On Jul 20, 2010, at 11:15 AM, Daniel Kahn Gillmor wrote:

> On 07/20/2010 03:11 AM, Werner Koch wrote:
>> For one the legal state of the algorithm is not clear: It is likely that
>> it has been taken from the RFC which has a non-commercial clause.  In
>> this regard it is similar to arcfour.  The GNU project is very
>> cautiousness on these issues and thus we would need to clear the legal
>> state first (meaning long dicussions with RSA Inc).  I don't think this
>> is justified.  And of course we need a copyright assignment and code
>> which is clearly not based on rfc 1319.
> 
> Maybe the docs could indicate this somehow?  currently the manual [0]
> only says:
> 
> GCRY_MD_MD2
>    This is an reserved identifier for MD-2; there is no implementation
> yet. This algorithm has severe weaknesses and should not be used.
> 
> an additional concise note about the specific legal encumbrances you're
> worried about might save other implementors time in the future (and
> might lead to a resolution of those legal concerns).
> 

Documenting doesn't resolve the issue. As already reported, RFE for
MD2 -> libgcrypt comes along regular as clockwork every few years 
with sound reasons supporting every possible POV.

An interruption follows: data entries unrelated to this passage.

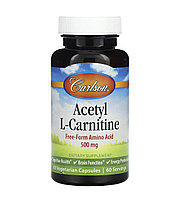 Carlson ацетил L-карнитин, 500мг, 60 капсул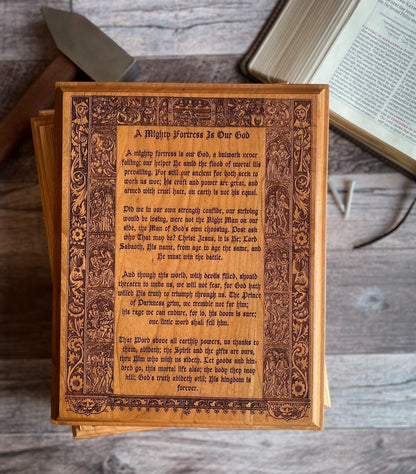 Engravedwood - Mighty Fortress - Engraved Wood Art - The Reformed Sage - #reformed# - #reformed_gifts# - #christian_gifts#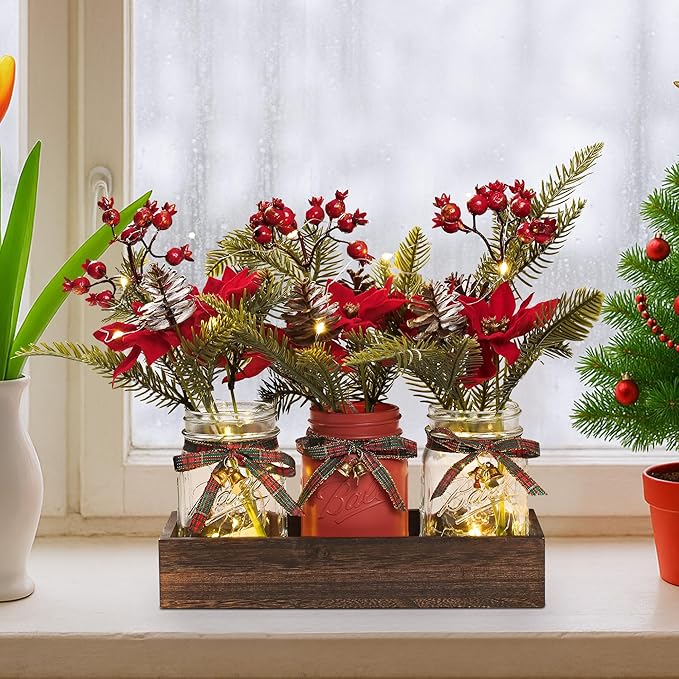 3 Pcs Mason Jar Centerpiece Decorations for Christmas Table Decor Farmhouse Coffee Table Decor Christmas Kitchen and Room Decor,Red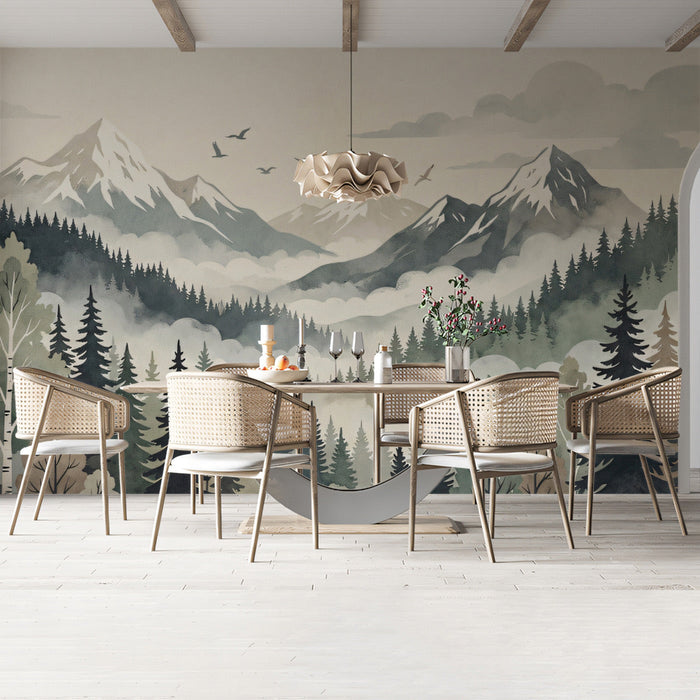 Watercolor alpine scene wallpaper creating a relaxing backdrop in a cozy living room sitting area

>> The other reasons is that I don't want to keep those old certificates
>> alive.
> 
> I agree with you here.  but that's not an argument for not including MD2
> in libgcrypt.  libgcrypt provides cryptographic primitives, not X.509
> business.  the more crypto primitives it can offer, the more attractive
> it is as a library.
> 

Well I can give you the counter example that proves the rule that
	more primitives != more attractive.

RPM includes >100 hashes, with test vectors, for all possible NIST SHA3
selections. That doesn't make RPM any more attractive than any other
crypto library.

Hint: Try baseball card collecting instead. Unlike crypto hashes,
you get to shuffle or sell the collection whenever you wish, and
baseball cards come with pictures and batting averages that are
easier to reason with than "secure" metrics.

>> A counterpoint would be that the whole X.509 PKI business is entirely
>> broken and does not provide any security at all.
> 
> agreed, sadly.
> 

Also agreed. But X.509 is most definitely something that cannot be just ignored.

On a more optimistic forward looking note:
	What is the better answer if X.509 is sadly pathetic?